Aquí falta, por desgracia, una página del manuscrito. En la siguiente, con letras grandes e inseguras, aparecen estas líneas:

« ...doce mil novecientos metros. No volveré a ver tierra. Por debajo de mí hay tres de esos seres. ¡Que Dios me valga, porque será morir de muerte espantosa!»

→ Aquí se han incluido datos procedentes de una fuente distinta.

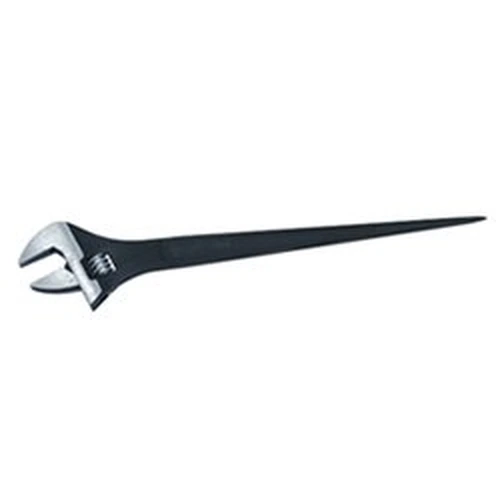 PID-148240_0 Monkey Wrench with spike - Image 1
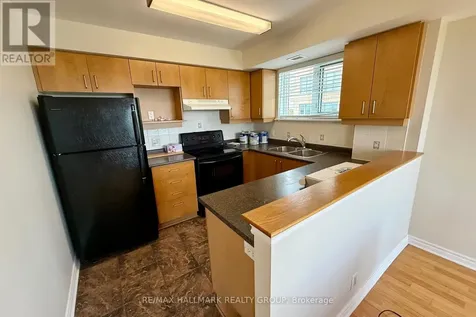 120 Grant Carman Drive Ottawa ON K2E 1C8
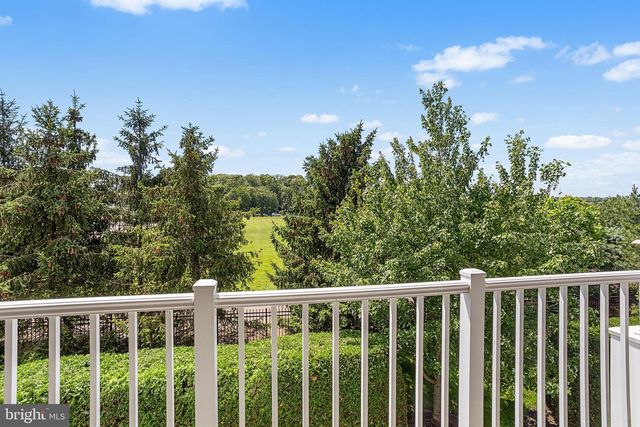 2201 RIVER RD #1202, Point Pleasant Boro, NJ 08742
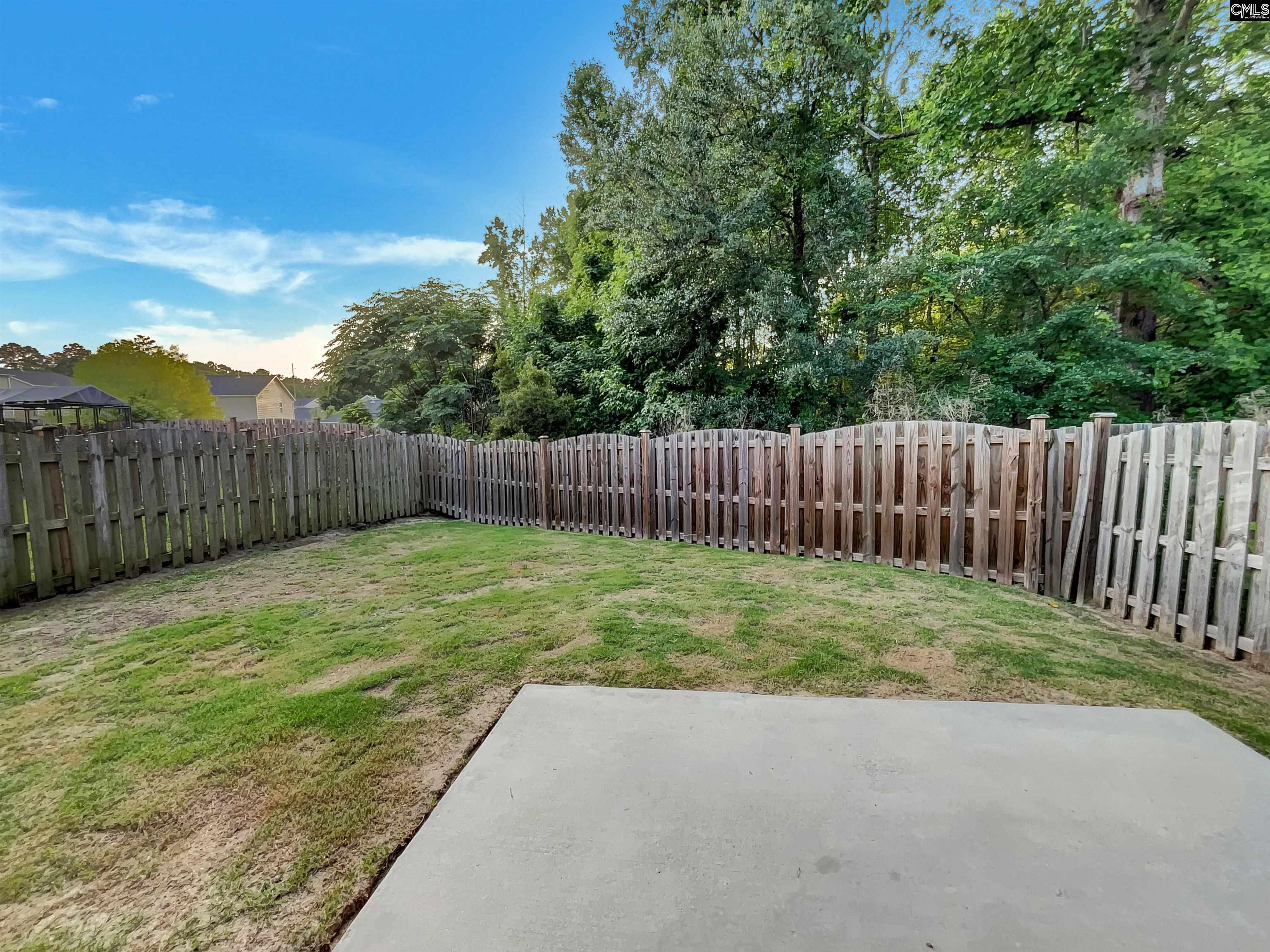 145 Beckett Lane Columbia, SC 29223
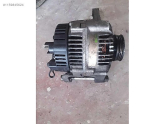 Oto Çıkma Parça / Renault / Megane / Elektrik / Şarj Dinamosu / Çıkma Parça 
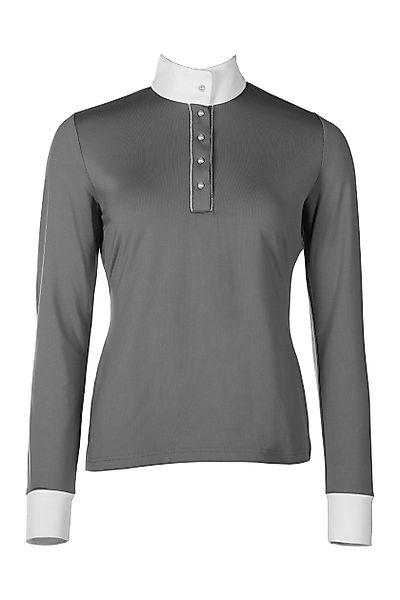 HKM Funktionsshirt Turniershirt -Emilia- günstig online kaufen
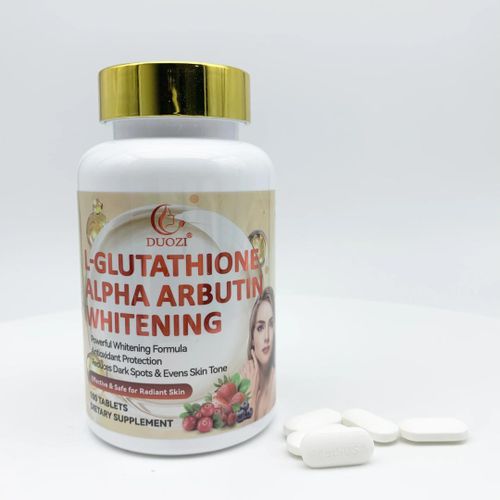 products with glutathione Glutathione 500 mg Plus – 21st Century Vitamins – 21st Century Vitamins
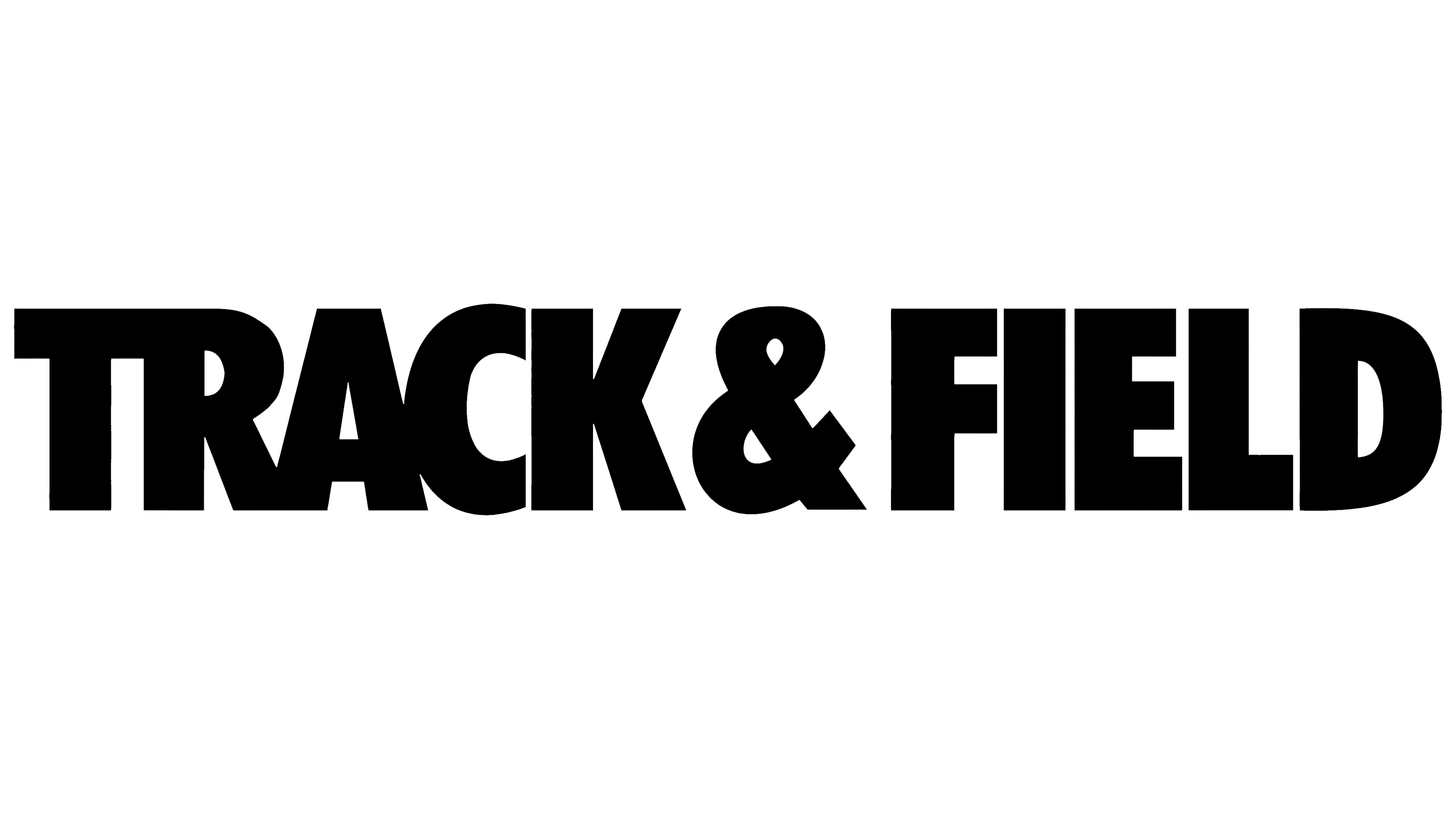 Track and Field 1988 1988 – 2022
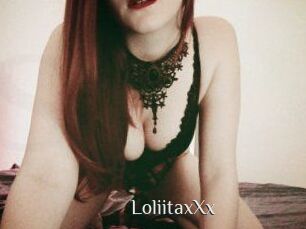 LoliitaxXx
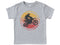 Kids Dirt Bike Sun Shirt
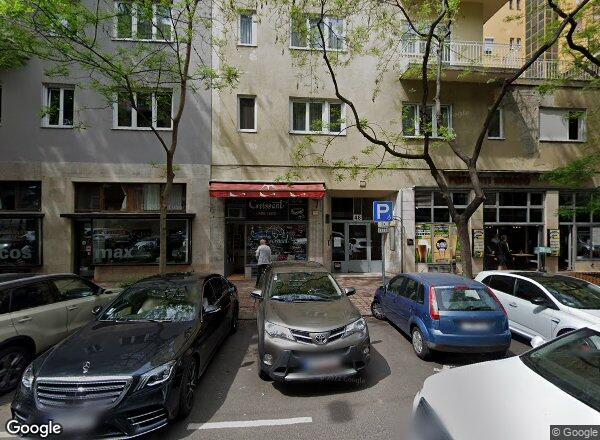 Lakásárak {{cím}}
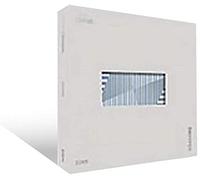 KAKAO M ENHYPEN - BORDER : CARNIVAL (2nd Mini Album) Album+Extra Photocards Set (DOWN ver.)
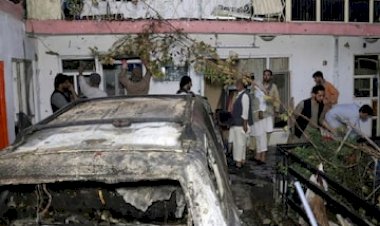 Photo Courtesy: News18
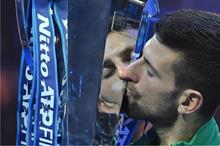 epa_tennis_2023-11_2023-11-19-10985336_epa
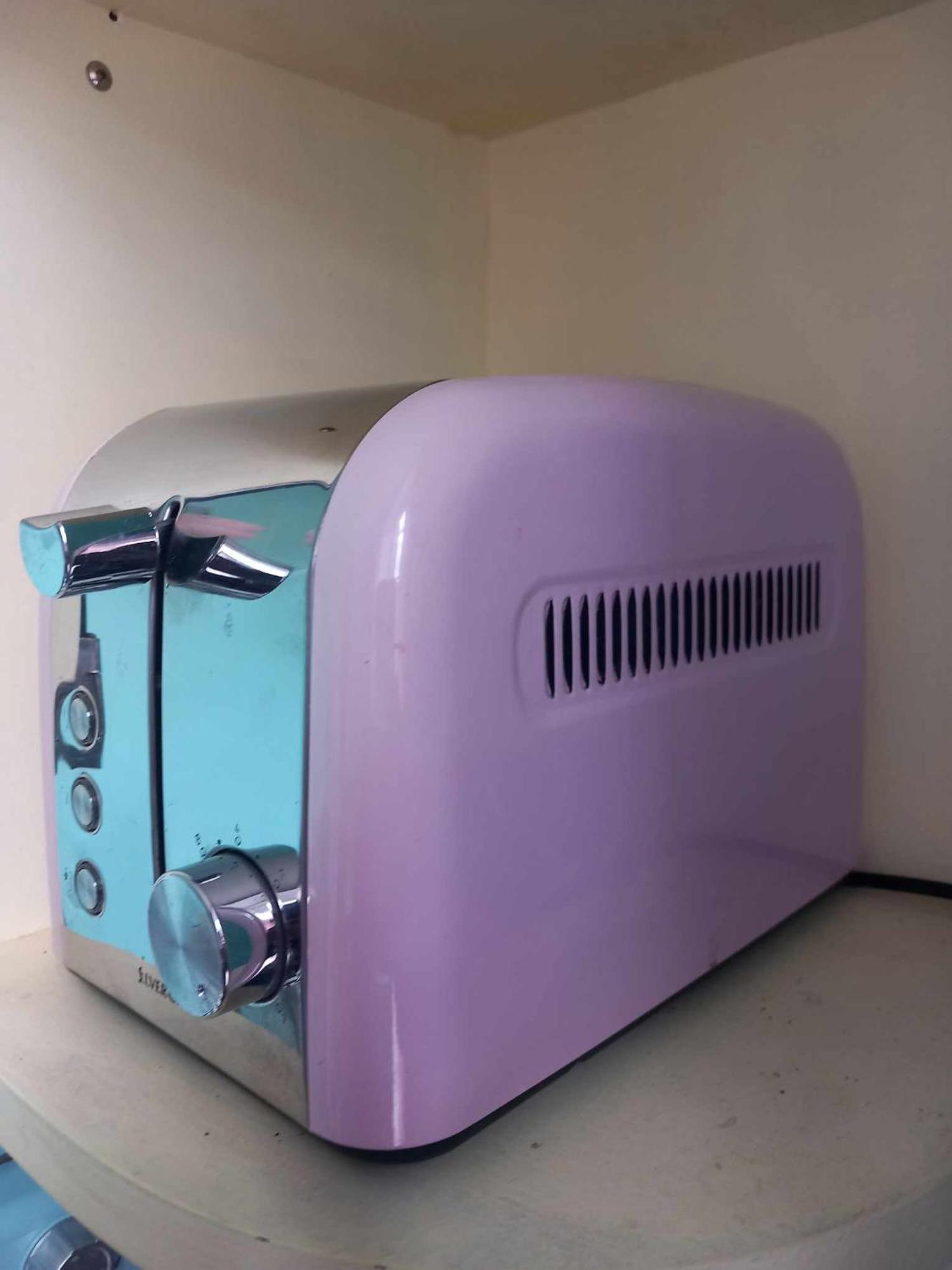Vintage ,La Capsule Temporelle Wifi Draps Parking Publique Gratuit Apartment Thiers Exterior foto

Tal es, al pie de la letra, el relato de Joyce-Armstrong. De su autor nada ha vuelto a saberse. En el coto de mister Budd-Lushington, en los límites de Kent y de Sussex, a pocas millas del lugar en que fue encontrado el cuaderno, se han recogido algunas piezas de su monoplano destrozado. Si resulta cierta la hipótesis del desdichado aviador sobre la existencia de lo que él llama "selva aérea" en un espacio limitado de las regiones atmosféricas que quedan encima del sudoeste de Inglaterra, se deduciría de ello que Joyce-Armstrong lanzó su monoplano a toda velocidad para salir de ella, pero fue alcanzado y devorado por aquellos seres espantosos en algún lugar por debajo de la atmósfera exterior y por encima del sitio en el que fueron encontrados esos tristes restos. Una persona que aprecie su equilibrio cerebral preferiría no hacer hincapié en el cuadro de aquel monoplano resbalando a toda velocidad cielo abajo, perseguido por unos seres espantosos e innominados que se deslizaban con igual rapidez por debajo de él, cortándole siempre el camino de la tierra y estrechando poco a poco el cerco de su víctima. Sé muy bien que son muchos los que todavía se burlan de los hechos que acabo de relatar; pero incluso quienes se mofan tendrán que reconocer, por fuerza, que Joyce-Armstrong ha desaparecido, y yo les recomendaría que hiciesen caso de las palabras que escribió: «Este cuaderno podrá servir de explicación de lo que intento hacer, y de cómo perdí mi vida al intentarlo. Pero, por favor, señores: nada de estúpidas chácharas acerca de accidentes y misterios ».